Croatia, the location of the European Society for Environmental History 2017 biennial meeting, has been a perpetually caught up in border struggles – at different points in its history Croatia has been part of the Rome Empire, Ottoman Empire, Hungary, Austria-Hungary, Yugoslavia, as well as an independent kingdom and modern country. No place in Croatia is located more than seventy kilometres from an international border. It is no wonder, then, that when a group from Croatia offered to host the ESEH 2017 meeting, they chose a theme to highlight that history: ‘Natures in between. Environments in areas of contact among states, economic systems, cultures and religions’. The organisers wanted to push environmental historians to think about the consequences of borders and other areas of contact.

As President of ESEH, I was pleased that Environment and History decided to make a special virtual issue to highlight papers on this theme. Nature has often been caught in between – captured as a bystander in social, religious, ethnic, and ideological conflict and contact. Species like the prickly pear in Madagascar from Middelton’s study in this collection and the wildflowers-turned-weeds in Clayton’s work stress that zones of contact involve more than the human, even if unintentional. Nature has also been intentionally harnessed at meeting points to fulfill human needs, whether those needs were physical (as in the colonial reshaping of rivers discussed by Beattie and Morgan in this collection) or ideological (as shown by Zeisler-Vralsted’s analysis of the Volga River in this collection). The historical legacies of contact and conflict leave us at times with a Nature pressed in between.

At the same time, Nature in those in-between places is not helpless. Nature may in fact have a heyday with the disturbed spaces created by humans for entirely other purposes, as evidenced in Coates’ investigation of militarised landscapes. Nature should not be portrayed as only a victim in the exchanges zones built for humans.

In envisioning what happens at points of contact, the program for ESEH 2017 in some senses turns the theme ‘Nature in between’ on its head, emphasising instead how humans may be the ones caught in between.
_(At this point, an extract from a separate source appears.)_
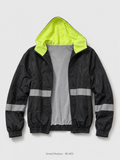 Hi-Vis Hooded Windbreaker – Small to Medium, black with neon yellow hood and silver reflective tape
From the keynote lecture by Rob Nixon, who has stressed the slow environmental consequences of modernity, to a plenary panel on ‘Trespassing. Environmental history and the challenges of migrations’, these histories have immediate relevance for ongoing social and environmental dilemmas. At the conference we will be challenged to think about exchanges of resources, ideas, people, and species over the long history of Europe and beyond and how that places both us and Nature in tough spots.
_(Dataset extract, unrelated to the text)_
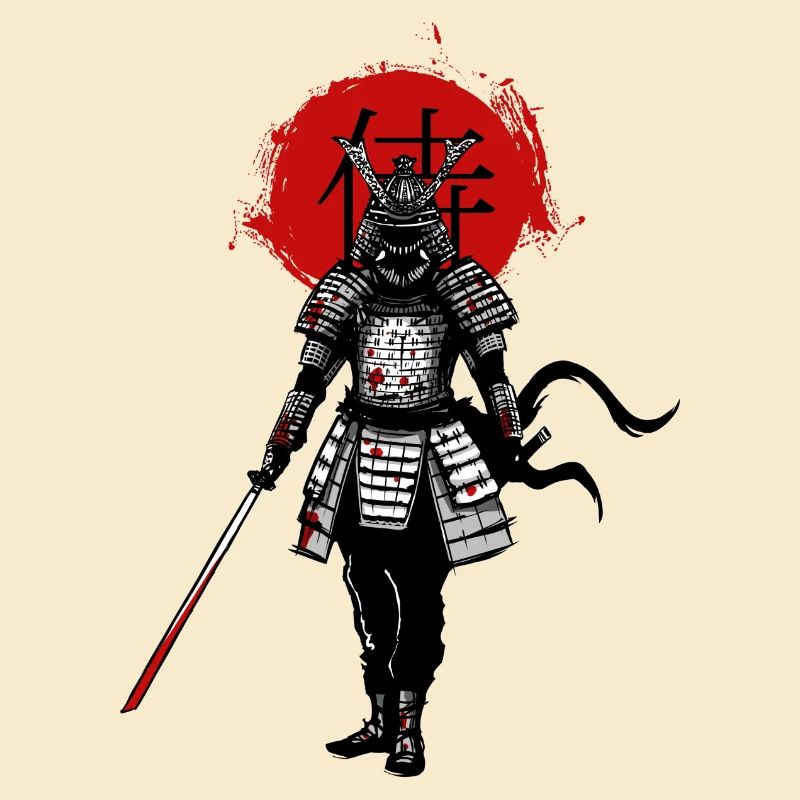 Samurai on a red background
I will close by challenging the theme to claim that Nature is not in between, but rather all-encompassing. Nature may be squeezed by humans in some ways, but that chokehold inevitably affects us. This is why attempts to downplay the risks of climate change to humans and other existing species is dangerous. Nature as an abstract entity will survive everything, but the specific Nature that makes our lives possible may not. Nature may be stuck in between political and ideological struggles in the twenty-first century, as it has for millennia before that, but in the end, Nature is the one without borders.